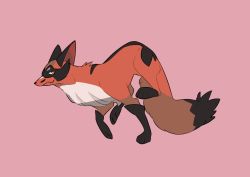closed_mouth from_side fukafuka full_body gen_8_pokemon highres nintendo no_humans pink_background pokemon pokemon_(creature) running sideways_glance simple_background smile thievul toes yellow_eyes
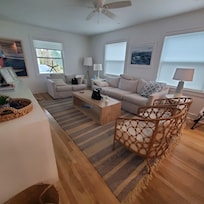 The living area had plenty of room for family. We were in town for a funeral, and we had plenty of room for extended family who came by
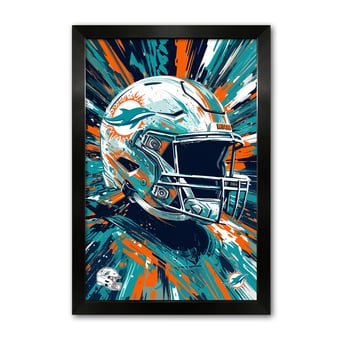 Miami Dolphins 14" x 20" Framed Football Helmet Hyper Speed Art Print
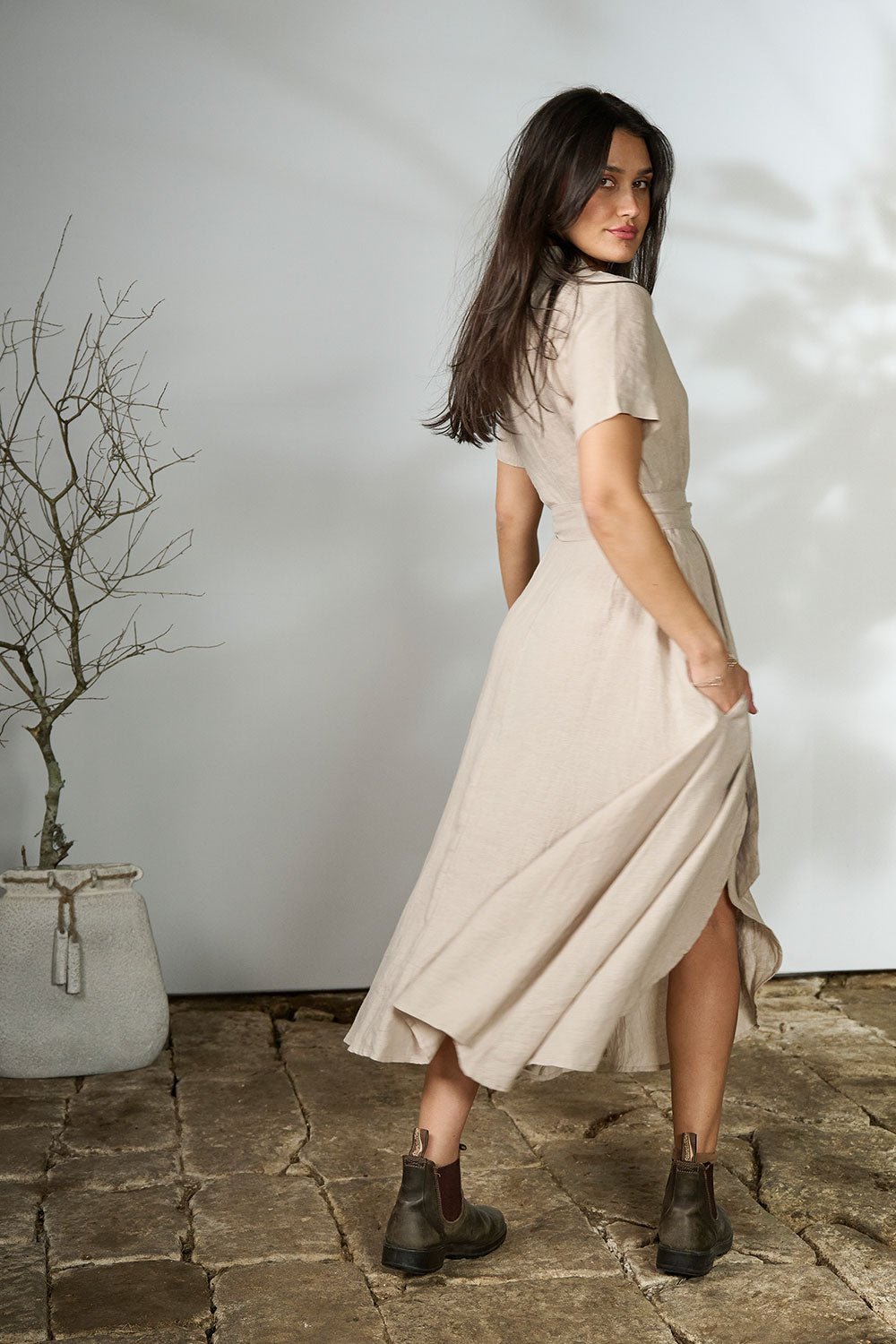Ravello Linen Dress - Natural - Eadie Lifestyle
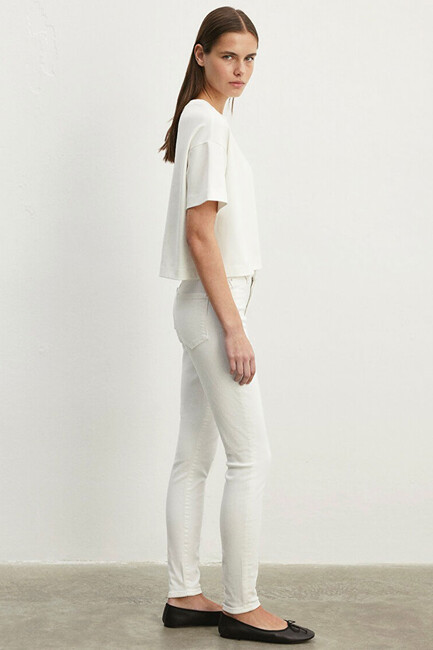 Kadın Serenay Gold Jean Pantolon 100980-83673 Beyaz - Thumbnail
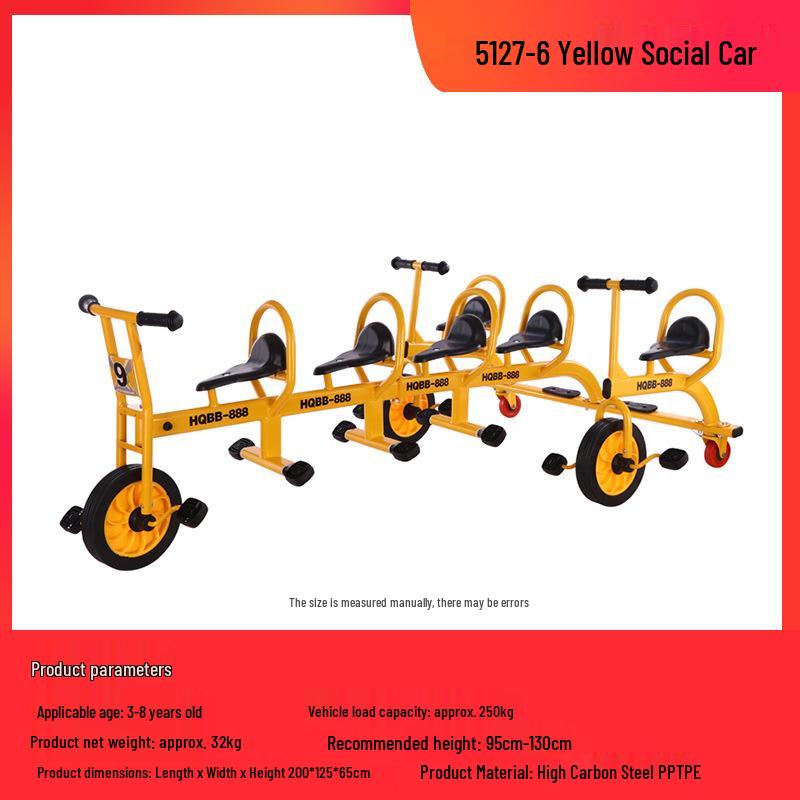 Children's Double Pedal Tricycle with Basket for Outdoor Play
※
Assignment: Please repeat the entries above exactly, leaving out any pictures.

Your response:
closed_mouth from_side fukafuka full_body gen_8_pokemon highres nintendo no_humans pink_background pokemon pokemon_(creature) running sideways_glance simple_background smile thievul toes yellow_eyes
 The living area had plenty of room for family. We were in town for a funeral, and we had plenty of room for extended family who came by
 Miami Dolphins 14" x 20" Framed Football Helmet Hyper Speed Art Print
Ravello Linen Dress - Natural - Eadie Lifestyle
 Kadın Serenay Gold Jean Pantolon 100980-83673 Beyaz - Thumbnail
 Children's Double Pedal Tricycle with Basket for Outdoor Play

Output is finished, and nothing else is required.